In accordance with a fourth object of the invention, this object is achieved by an apparatus for referencing a music signal in a database, comprising a note-based description of a plurality of database music signals, comprising: means for transferring the music signal into a note-based description, the means for transferring being operative for: generating a frequency-time representation of the music signal, the frequency-time representation comprising coordinate tuples, one coordinate tuple including a frequency value and a time value, the time value indicating a time of occurrence of the assigned frequency value in the music signal; calculating a fit function as a function of time, a course of the fit function being determined by the coordinate tuples of the frequency-time representation; determining at least two adjacent extreme values of the fit function; time-segmenting the frequency-time representation on the basis of the determined extreme values, a segment being limited by two adjacent extreme values of the fit function, the time length of the segment indicating a time length of a note assigned to this segment; and determining a pitch of the note for the segment using coordinate tuples in the segment; means for comparing the note-based description of the music signal with the note-based description of the plurality of database music signals in the data bank; and means for making a statement with respect to the music signal on the basis of the step of comparing.
The present invention is based on the recognition that, for an efficient and robust transferal of a music signal into a note-based description, a restriction is not acceptable in that a note sequence sung or performed by an instrument must be performed by stop consonants resulting in that the power-time representation of the music signal comprises clear power drops which may be used to carry out a segmentation of the music signal in order to separate individual tones of the tune sequence from each other.
In accordance with the invention, a note-based description is achieved from the music signal of a note-based description, which has been sung or performed with a music instrument or is available in any other form, by first generating a frequency-time representation of the music signal, the frequency-time representation comprising coordinate tuples, one coordinate tuple comprising a frequency value and a time value, the time value specifying the time of occurrence of the assigned frequency in the music signal. Subsequently, a fit function will be calculated as a function of the time, the course of which will be determined by the coordinate tuples of the frequency-time representation. At least two adjacent extreme values will be determined from the fit function. The time segmentation of the frequency-time representation, in order to be able to differentiate between tones of a tune sequence, will be carried out on the basis of the determined extreme values, one segment being limited by the at least two adjacent extreme values of the fit functions, the time length of the segment indicating a time length of a note for the segment. A note rhythm is thus obtained. The note heights are finally determined using only coordinate tuples in each segment, such that, for each segment, a tone is determined, the tones in the succeeding segments indicating the tune sequence.
An advantage of the present invention consists in that a segmentation of the music signal is achieved independent of whether the music signal is performed by an instrument or by singing. In accordance with the invention it is no longer necessary that a music signal to be processed has a power-time course, which has to comprise clear drops in order to be able to effect segmentation.
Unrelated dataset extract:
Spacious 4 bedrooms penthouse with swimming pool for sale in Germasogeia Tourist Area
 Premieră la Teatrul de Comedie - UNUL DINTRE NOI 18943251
With the inventive method, the type of entering a tune is thus no longer restricted to a particular type. While the inventive method works best with monophonic music signals as are generated by a single voice or by a single instrument, it is also suitable for a polyphonic performance, provided an instrument and/or a voice is predominate in the polyphonic performance.
On the basis of the fact, that the time-segmentation of the note of the tune sequence representing the music signal is no longer carried out by power considerations, but by calculating a fit function using a frequency-time representation, it is possible to make a continuous entry which most likely corresponds to natural singing or natural instrument performance.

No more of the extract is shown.